Professione donna - Mi ricordo bene cosa significa essere clandestini e vivere con la paura di essere arrestati
Dalla Negra Cecilia Lunedi, 07/03/2011 - Articolo pubblicato nel mensile NoiDonne di Marzo 2011
Mihaela Chirita, 33 anni, è una delle infermiere che svolgono un lavoro prezioso all’Inmp (Istituto Nazionale per la promozione della salute delle popolazioni migranti e per il contrasto delle malattie della povertà) presso l’ospedale San Gallicano di Roma. Un luogo dove mondi, lingue e culture si incontrano e si intrecciano in un mosaico complesso e colorato.

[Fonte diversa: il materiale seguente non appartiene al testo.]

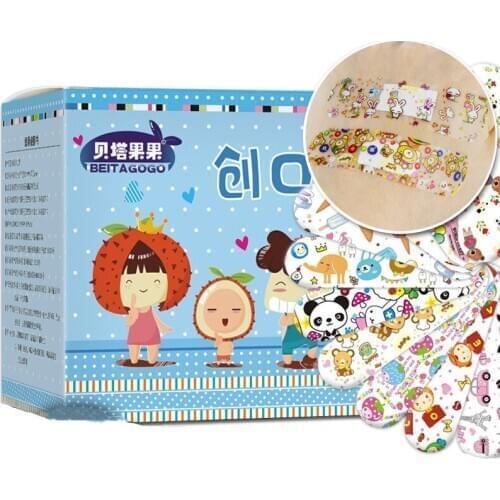 120Pcs/pack Kids Bandage First Aid Emergency Cartoon Waterproof Bandage Children Hemostasis Injury Stop Home Safety Supplies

È arrivata in Italia dalla Romania 10 anni fa, per raggiungere un marito dal quale ha poi divorziato. Per “morire, rinascere e ricominciare da zero” ha dovuto imparare una nuova lingua, lavorare, studiare. E lottare contro il pregiudizio di un Paese in cui troppo spesso l’assimilazione tra donna straniera e prostituta è scontata. Una donna forte, determinata, che oggi rivendica con vigore il proprio percorso.
Mihaela, quanto è difficile trovarsi sola in un paese straniero alla ricerca dell’integrazione?
Tantissimo, soprattutto per riuscire a realizzare i propri obiettivi andando avanti dignitosamente, senza accettare compromessi. Per una donna è sempre difficile, ma per quella straniera lo è un po’ di più. Sono arrivata in Italia per seguire mio marito, da cui poi ho divorziato. Sola e senza conoscere il posto e la lingua, ho dovuto mantenermi lavorando come cameriera in un albergo per 7 anni. Ma sognavo di diventare infermiera, e così sono riuscita ad iscrivermi all’Università di Tor Vergata. Per pagarmi gli studi facevo le pulizie di mattina e assistevo gli anziani di notte. È stata dura, ma ce l’ho fatta seguendo un percorso onesto e lottando contro i pregiudizi degli uomini italiani, che spesso della donna straniera hanno un’idea sbagliata. Non è semplice emergere professionalmente con le armi giuste, senza perdere la dignità. Spesso non puoi permetterti neanche il lusso di essere te stessa. Credo che sia così per ogni donna, costretta a superare una sorta di barriera culturale.
Quali sono le responsabilità che oggi senti maggiormente, e cosa ti spaventa di più?
Quelle verso i miei pazienti, che cerco sempre di aiutare come posso, soprattutto le donne più disagiate. Mi preoccupano il razzismo che vedo nei loro confronti e le condizioni in cui sono costrette a vivere. Incontro ogni giorno donne che hanno sofferto moltissimo e che non hanno un futuro, e mi chiedo come sarà possibile che si integrino in questa società. Per me è diverso, io sono fortunata: ho una casa, ho avuto la possibilità di studiare e di costruire un percorso professionale. Ma queste persone come faranno? Mi ricordo bene cosa significa essere clandestini e vivere con la paura di essere arrestati. Non è semplice. Ecco perché difendo tanto il mio percorso: lo rivendico anche come donna e straniera, perché voglio che la gente abbia di noi un’idea migliore.
Cosa pensi che renderebbe più semplice la vita delle donne e cosa ti auguri per il futuro?
Certamente una maggiore solidarietà femminile, che sulla mia strada non ho sempre incontrato. C’è molta competizione perché emergere per una donna – tanto più se straniera – è molto difficile. Non solo dobbiamo lottare per raggiungere i nostri obiettivi, ma anche contro il pregiudizio degli uomini. In Italia sono una categoria molto più protetta e tutelata, e finiscono per sentirsi superiori. Ma ho grande fiducia nelle nuove generazioni, in un cambiamento di mentalità che porti le donne a capire l’importanza di farcela con le proprie forze, usando la testa, sentendosi al pari degli uomini soprattutto professionalmente. Le donne devono riuscire a sentirsi più forti, liberarsi dall’idea che famiglia e figli siano tutto. Farsi valere come persone, studiare tanto, e non cercare di ottenere risultati seguendo scorciatoie, altrimenti saranno sempre discriminate. In futuro, per quanto mi riguarda, mi auguro di riuscire a non cambiare, non perdere la mia umanità. Se perdo quella ho perso tutto.